Thierry Desot, Orphée De Clercq and Veronique Hoste
A core task in information extraction is event extraction for identifying event triggers in sentences and classifying those into event types. In this work an event is considered as
the unit to measure diversity and similarity in news articles in the framework of a news recommendation system. Current typology-based event extraction approaches fail to handle the variety of events expressed in real-world situations. To overcome this, we aim to perform event salience classification of new information into less and more general event prominence classes. Event and argument role detection are frequently conceived as separate tasks where a multi-word event is first split into a verb as single-word event to process, after which its argument roles (subject, direct and indirect object(s)) and semantic roles (such as time and location) are extracted. These are typically trained in a multi-task setup for event extraction, i.e. the combination of event
span detection and classification.

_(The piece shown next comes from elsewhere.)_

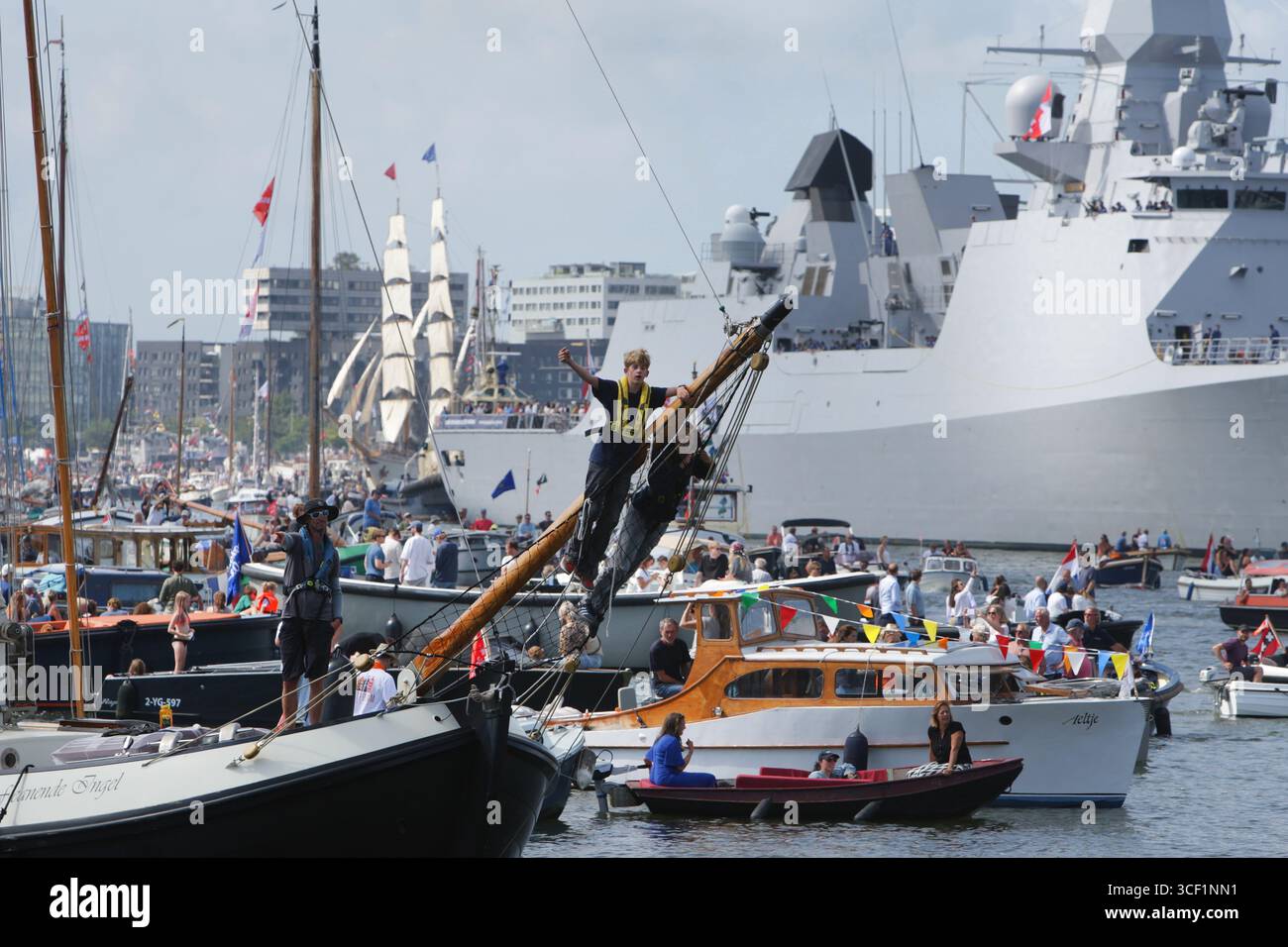 Amsterdam, Niederlande. August 2025. AMSTERDAM, NIEDERLANDE - 20. AUGUST: Eine allgemeine Ansicht zeigt sich während der Ankunft der Segelparade, die den offiziellen Start für die 10. Ausgabe von SAIL Amsterdam auf dem IJ-Fluss am 20. August 2025 in Amsterdam, Niederlande, markiert. Die Veranstaltung findet alle fünf Jahre statt und zieht Hunderttausende von Zuschauern an. (Foto von Paulo Amorim/SIPA USA) Credit: SIPA USA/Alamy Live News Stockfoto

In this study, we go beyond single-word events and tackle multi-word event extraction. On top of that we conceive event span detection and argument extraction as one and the same task in a hybrid knowledge and transformer-based event detection method.
Deep learning approaches that were in recent years combined with Word2Vec, GLoVe and fastText word embeddings have led to the rise of the transformer architecture. Its contextual language
models have been successfully integrated in a range of NLP tasks using pre-trained contextual BERT (Bidirectional Encoder Representations from Transformers) word embeddings. The main component of our hybrid event extraction method is based on automatic keyword extraction (AKE) using the self-attention mechanism of a Dutch BERT model, BERTje. As a bottleneck for AKE is defining the threshold of the attention values to take into account, we propose a novel method for automatic self-attention threshold selection, by exploiting the interaction between
self-attention based AKE and rule-based event detection. The main function of the rule-based syntactic parser is to provide the necessary information for the automatic attention threshold mechanism, targeting only minimal event information, i.e. the backbone of the event, or the verb and its arguments, subject, verb and object. This allows the transformer main component to complement it with other semantic roles and semantically salient information. However, the latter type of information is in some cases essential and required to constitute the core meaning of the event.
Certain transformer self-attention layers and heads exhibit linguistic notions, such as syntax and co-reference. According to several studies on the (English) BERT transformer, attention follows syntactic dependency and subject-verb-object agreement most strongly in the middle layers of the BERT model. Hence, we verify this for the Dutch BERTje model. Based on these findings, we propose an automatic self-attention layer selection mechanism, by analyzing which layers in the structure of the BERT transformer contribute most to hybrid event detection and which linguistic tasks they represent. On top of that, this approach was integrated in a pipeline event extraction approach and able to outperform event detection and classification of three state-of-the-art multi-task event extraction methods.